Back in 2010, two teachers from North Shields bought a box. They wanted to help pupils in local schools to find out more about their town and its history, and the Fish Quay in particular, and they planned to fill the box with items that would bring the stories of the past to life.
The teachers, Nina Brown and Jan Taylor, took their box idea to local community group FISH (Folk Interested in Shields Harbour) and to North Tyneside Council – and both backed the project.
Nina and Jan got together with a small group of fellow enthusiasts to help make it happen – naming the project The Net, and the team became ‘The Netties’.
They ran a series of events where they spoke to people from across North Shields about their ideas and their plans got a big ‘thumbs up’.
Meanwhile, work was underway to save the oldest building on the Fish Quay – the Old Low Light – which was in a very poor state.
Supported by North Tyneside Council, and with funds from Tyne & Wear Building Preservation Trust, the Townscape Heritage Initiative and the Coastal Community Fund (CCF), the Grade 2 Listed building was totally renovated and a balcony was added so people could enjoy the spectacular views of the river.

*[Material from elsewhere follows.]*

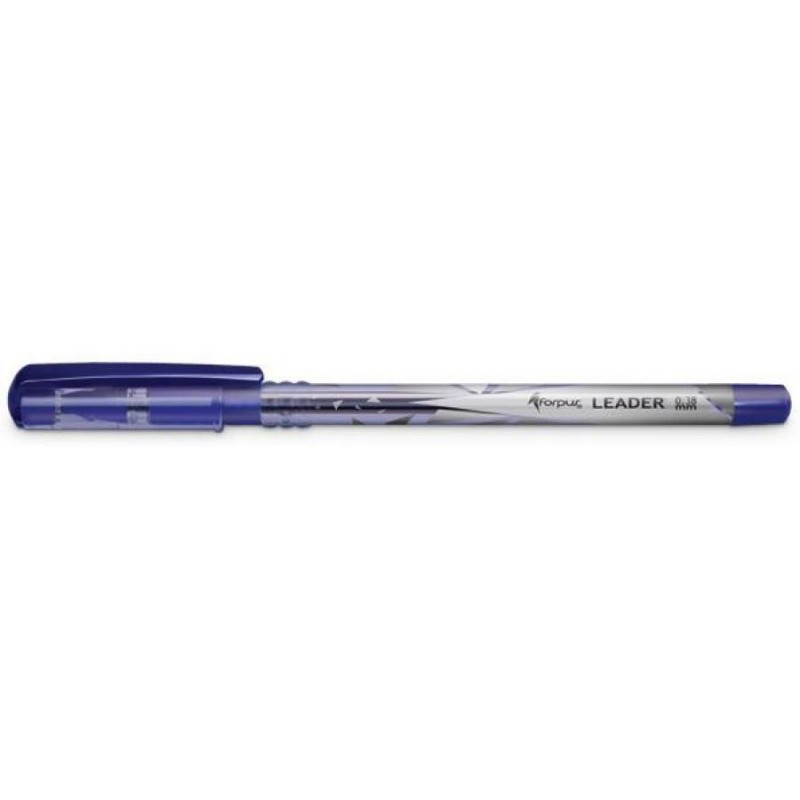 Ручка шариковая Forpus Leader, 0,38 мм, синий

For a while, a few local folk had been thinking about the idea of a heritage centre that would tell the whole story of North Shields, with the Old Low Light as the perfect home. Many of them were the same people the Netties had spoken to about their box and the two ideas eventually came together in a new and more ambitious plan.
The Old Low Light
The Netties needed more help to make the new plan a reality and set about forming a charity, bringing in a keen Board of Trustees with a range of skills, experience and local knowledge. Again the Council were there to offer support.
The charity wanted the local community to decide what the centre would be like so they went out and spoke to a range of local groups to hear their ideas – including naturalists, historians, teachers, fishermen and businesses. The charity’s trustees also visited similar projects close to home and further afield to learn from their experiences.
The group used the funds provided by CCF to bring in professional help too – North of England Civic Trust, lawyers Muckles and accountants Tait Walker worked on the detailed planning and organisation. Architects Ainsworth Spark, building group Kier and others worked on the renovations. Design company GBDM took the ideas from the community and worked closely with the trustees and local groups to make sure it was as they wanted it.
The trustees appointed a Manager, Deputy Manager and Caretaker to run the project day to day – and then began recruiting a large volunteer force to work alongside them. This is ongoing – check out the Volunteers section for more information.
The Old Low Light finally opened its doors for business in October 2014 with a cafe, shop and top floor venue hire. The middle floor gallery, telling the story of the Fish Quay, opened at the end of March 2015. With the help of Sumo Design the project was rebranded as Old Low Light.